VacciNations! The world is betting on and hoping for a V-accine shaped recovery, to resume lives and restore livelihoods. March 16 will mark two months since the roll out of the Covid-19 vaccinations in India. How is India doing? The answer, as with all data, depends on how the numbers are interrogated.

On the face of it India ranks third with 28.2 million or 282 lakh total doses administered. The United States which began its rollout a month earlier has crossed the 100 million-mark and President Joe Biden is promising a July 4 normalcy. China, second on the ranking table ahead of the EU as a bloc, has administered 52.2 million doses. In terms of doses per 100 persons or percentage of population vaccinated though India trails many countries and has a lot of ground to cover.

How has India done in terms of the target set? The government has set a target of vaccinating 300 million or 30 crore people — at two doses that would be 600 million shots — by the end of July. Its average daily run rate in the first 56 days is just over 5 lakh doses. Government data shows 2 million doses were administered on Friday. Even if one assumes a daily strike rate of 2 million doses, at the current rate achieving the target in the remaining 140 days demands ramping up of speed.

Consider the emerging picture from data points available on the dashboard of cowin.gov.in to appreciate the gap. On Friday, March 12 the planned vaccination capacity stood at 54.15 lakh whereas total doses administered was 20.53 lakh. Effectively less than half of the planned capacity is utilised. What makes the capacity to utilisation conundrum worse is that registrations for vaccinations in a seven-day period have yo-yoed from a peak of 19.7 lakh to 3.5 lakh.

The causation of the gap between the need and the jab is located in the confluence of design inadequacies in policy, uneven implementation across states and insufficient evangelism. In his pathbreaking book, ‘Nudge: Improving Decisions About Health, Wealth, and Happiness’ Nobel laureate Richard Thaler makes a pertinent point: “A choice architect has the responsibility for organizing the context in which people make decisions.”

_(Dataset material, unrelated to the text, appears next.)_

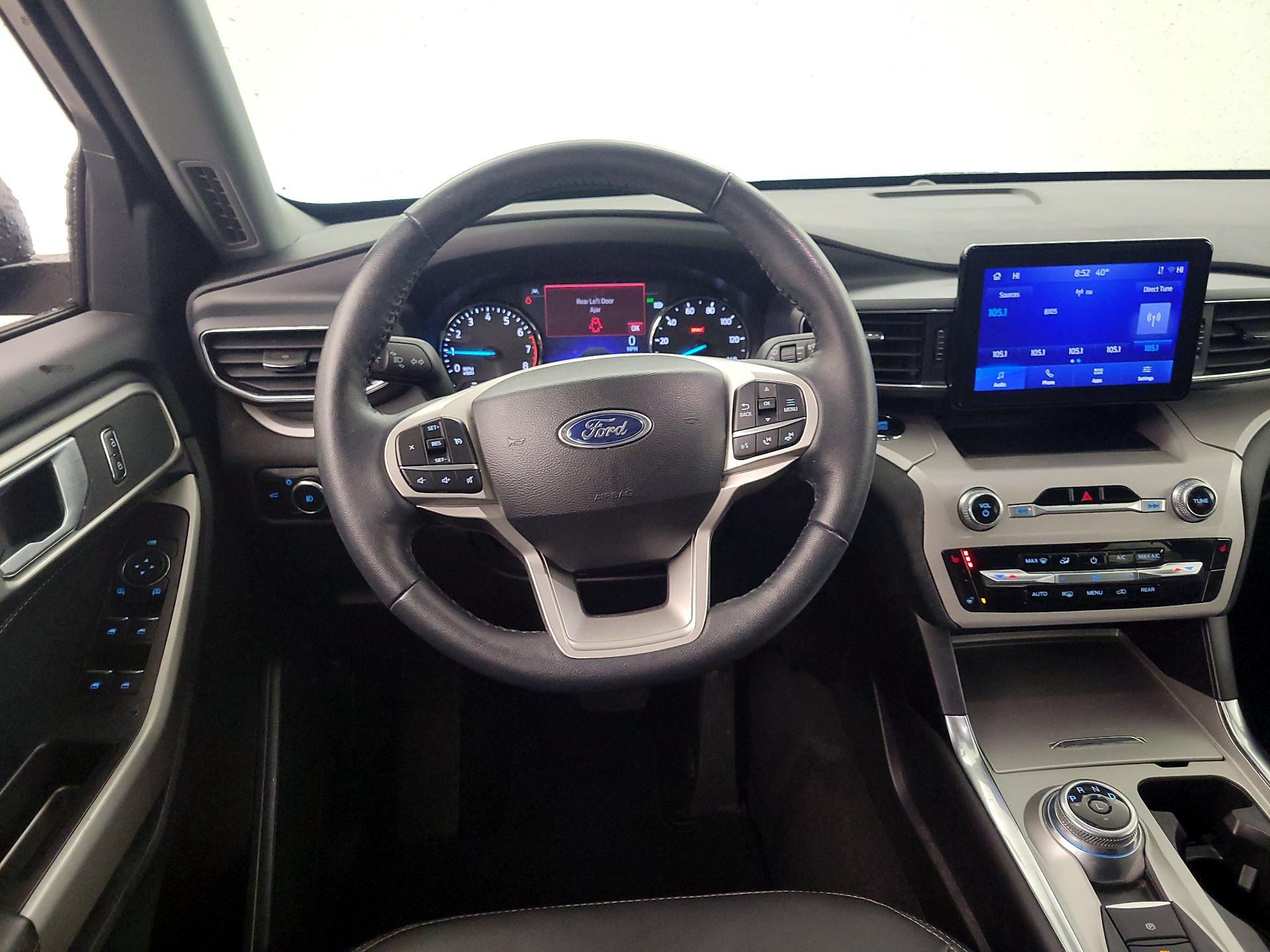 Thumbnail: 2023 Ford Explorer - 10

The government is the ‘choice architect’ in the design of the vaccination rollout and it must organise and reorganise the context. While global consensus is built around first protecting the vulnerable and elderly, studies do suggest that a restrictive and slower rollout could result in room for rise of newer mutant strains. Ergo the yawning gap between planned capacity and actual vaccination calls for real-time modifications in classification of deemed priorities.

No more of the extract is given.